BoyNextDoor have been frequently compared to NewJeans, likely because of their shared HYBE lineage and Y2K influences. In a good sense though, I think the similarity goes deeper than that. Both groups are infectiously joyful because of their embrace of bubblegum elements, but they avoid the off-putting artificiality that often accompanies that genre by mixing in unexpected elements. For NewJeans, that’s nostalgia and the uncanny, and for BoyNextDoor so far, it’s humor. I laughed out loud during their “One and Only” MV, and I love the playful staging of that track too. Of all the first-half 2023 debuts, BoyNextDoor seem to have the clearest vision of their concept, and that makes me extra anticipate their next steps.
Qing, what made BoyNextDoor your second pick as well?
Qing: BoyNextDoor’s “One and Only” was such a delight! I honestly don’t remember the last time I felt this much joy just watching a K-pop release. I loved the playful touches to the largely performance-based MV: Taesan parting a rack of jeans dramatically; Jaehyun dumping the members out of a door; and the group dancing to an audience of one… mannequin?
There’s a cool edge to BoyNextDoor’s sound and styling, but the abundance of mischief helps them to live up to their name. The choreography also hits the right notes in conveying this balance, with the creative use of a single prop (the door), a mix of formations, and moves that are energetic (but not overwhelmingly so). Even though TripleS top my list at the moment, the rookie whose next move I’m most looking forward to is BoyNextDoor.
Aside from our top picks, Siena, were there other groups that caught your eye?
Siena: I agree wholeheartedly with your thoughts on the emotional disconnect of AI groups (plus, if we’re evaluating them alongside their human counterparts, their dancing is wildly stiff, haha!), but I enjoyed the Mave “Pandora” MV, and would recommend it as an example of high-quality CG.
Besides Mave, my debut anticipations are in the future. I’m especially looking forward to Zero Base One (ZB1)‘s imminent debut.
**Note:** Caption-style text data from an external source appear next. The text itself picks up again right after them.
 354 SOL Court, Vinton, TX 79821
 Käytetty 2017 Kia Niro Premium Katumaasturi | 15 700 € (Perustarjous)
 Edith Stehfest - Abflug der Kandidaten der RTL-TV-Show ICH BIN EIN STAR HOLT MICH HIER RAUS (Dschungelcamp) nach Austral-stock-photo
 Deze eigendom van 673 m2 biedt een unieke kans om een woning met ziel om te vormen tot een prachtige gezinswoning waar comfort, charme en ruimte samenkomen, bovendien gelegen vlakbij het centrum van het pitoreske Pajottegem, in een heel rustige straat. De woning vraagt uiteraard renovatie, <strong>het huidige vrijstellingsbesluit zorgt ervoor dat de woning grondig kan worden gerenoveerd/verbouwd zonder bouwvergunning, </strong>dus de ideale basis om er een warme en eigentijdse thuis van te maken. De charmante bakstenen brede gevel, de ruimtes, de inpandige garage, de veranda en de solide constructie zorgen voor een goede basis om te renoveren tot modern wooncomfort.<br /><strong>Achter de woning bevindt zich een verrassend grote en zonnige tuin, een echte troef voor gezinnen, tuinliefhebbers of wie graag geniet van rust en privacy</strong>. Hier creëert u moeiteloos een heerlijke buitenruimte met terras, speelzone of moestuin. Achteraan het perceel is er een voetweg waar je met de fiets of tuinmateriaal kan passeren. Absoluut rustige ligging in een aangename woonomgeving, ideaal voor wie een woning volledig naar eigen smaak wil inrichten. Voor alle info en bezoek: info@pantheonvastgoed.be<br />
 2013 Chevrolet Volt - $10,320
And while we generally don’t include debuting soloists or sub-units from established groups, I will say I was pleasantly surprised by Jimin’s solo debut and totally charmed by NCT DoJaeJung.
Qing, who are your honorable mentions?
Qing: The anger and honesty in Jimin’s Face surprised me, and I found myself returning for multiple listens.
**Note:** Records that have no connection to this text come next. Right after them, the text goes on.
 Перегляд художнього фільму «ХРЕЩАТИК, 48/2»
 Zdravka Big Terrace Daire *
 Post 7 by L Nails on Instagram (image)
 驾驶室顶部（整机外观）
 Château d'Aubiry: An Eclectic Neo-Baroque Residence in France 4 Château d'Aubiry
Rookie-wise, The Wind piqued my interest with their fresh, efferverscent sound, and I’m looking forward to their first comeback. But the group I really want to give a shout-out to is BXB.
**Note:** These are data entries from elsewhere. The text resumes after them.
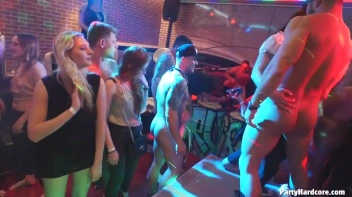 Party Hardcore Gone Crazy Vol. 35 Part 9 - Cam 1 Screencap 99 on www.sinx.com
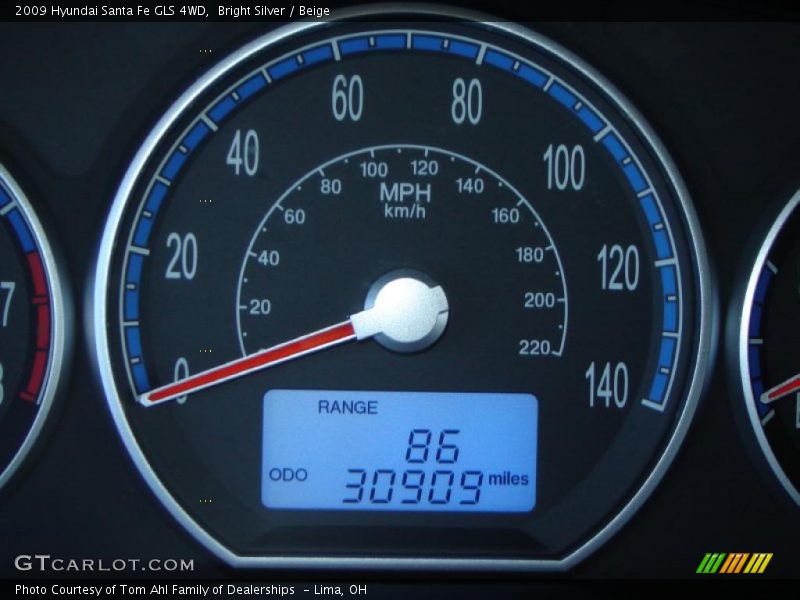 Bright Silver / Beige 2009 Hyundai Santa Fe GLS 4WD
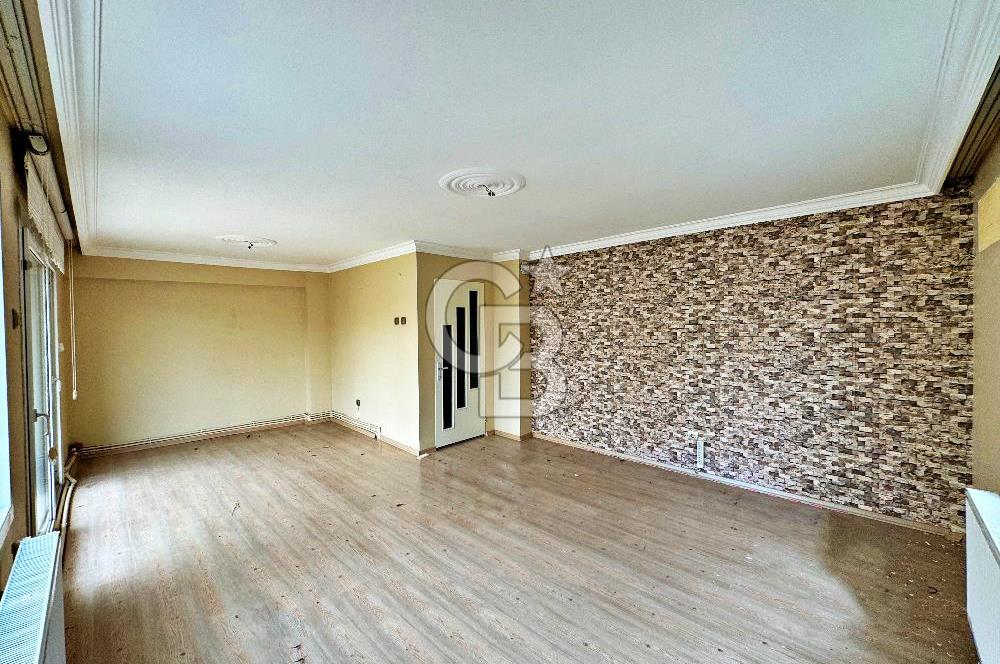 BORNOVA EVKA 3'TE SATILIK 3+1 ÇİFT CEPHE DAİRE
Perhaps because four members are formerly from TRCNG–and we know how great TS Entertainment were as a company–there’s a weight and grittiness to BXB’s delivery of “Fly Away” that makes it more compelling than many rookie releases. They also hark back to a sound that I miss–the expansive, angsty dance ballads of the early 2010s.
Despite the slim pickings so far this year, there is still much promise in the class of 2023, and I look forward to how our lists will evolve at the end of the year.